Shrinking transistors

Print edition : April 05, 2013

Diagram of a 3D nano-transistor showing the gate (red) surrounding the vertical nanowires (green) and separating the contacts at the ends of each nanowire (beige). Photo: © X-L Han and G. Larrieu

A NEW breakthrough could push the limits of the miniaturisation of electronic components further than previously thought possible. A team at the Laboratoire d’Analyse et d’Architecture des Systemes (LAA), Toulouse, and Institut d’Electronique, de Microelectronique et de Nanotechnologie (IEMN) has built a nanometric transistor that displays exceptional properties for a device of its size.

To achieve this result, the researchers developed a novel three-dimensional architecture consisting of a vertical nanowire array whose conductivity is controlled by a gate measuring only 14 nm in length compared with 28 nm for the transistors in today’s chips. Published in Nanoscale, these findings offer alternatives to the planar structures used in microprocessors and memory units. The use of 3D transistors could significantly increase the power of microelectronic devices.

The “building blocks” of microelectronics, transistors consist of a semiconductor component, called channel, linking two terminals. The flow of current between these terminals is controlled by a third terminal, called gate. Acting like a switch, the gate determines whether the transistor is on or off.

It is now generally agreed that today’s transistors, with their planar architecture, are nearing the limits of miniaturisation: there is a minimum size under which the gate control over the channel becomes less and less effective. In particular, leakage currents begin to interfere with the logical operations performed by the transistor array.

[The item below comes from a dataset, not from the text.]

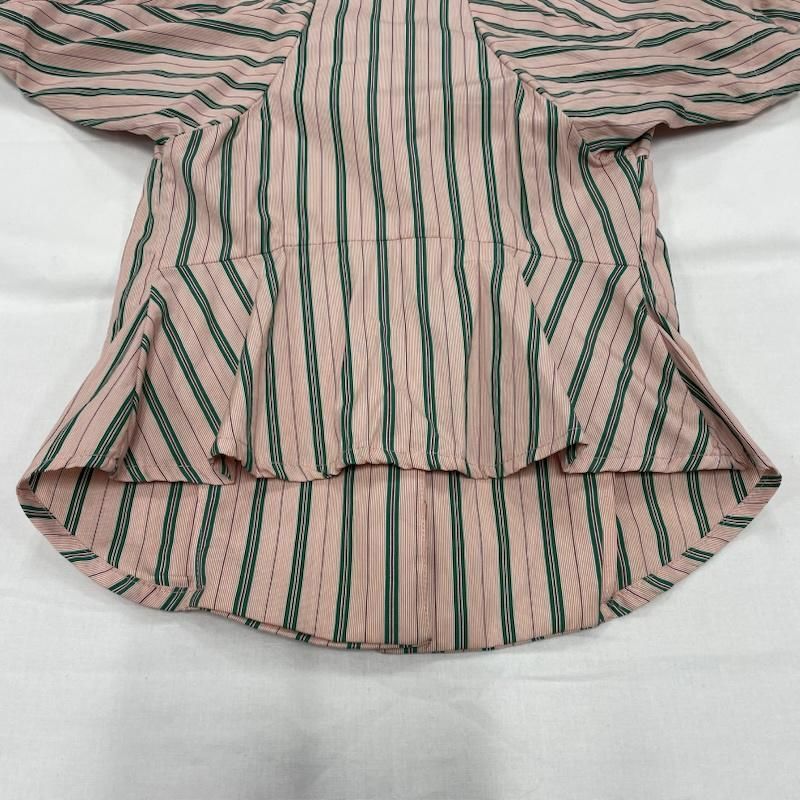 Vivienne Westwood ヴィヴィアンウエストウッド シャツ、ブラウス 半袖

The team has now built the first truly three-dimensional nanometric transistor. The device consists of a tight vertical nanowire array of about 200 nm in length linking two conductive surfaces. A chromium gate completely surrounds each nanowire and controls the flow of current, resulting in optimum transistor control for a system of this size.

This architecture could lead to the development of microprocessors in which the transistors are stacked together. The number of transistors in a given space could thus be increased considerably, along with the performance capacity of microprocessors and memory units. Another significant advantage of these components is that they are relatively simple to manufacture and do not require high-resolution lithography. In addition, these 3D transistors could be easily integrated into the conventional microelectronic devices used by the industry today.

The researchers believe that the size of the gate could be made smaller than 10 nm while still providing satisfactory control over the transistor.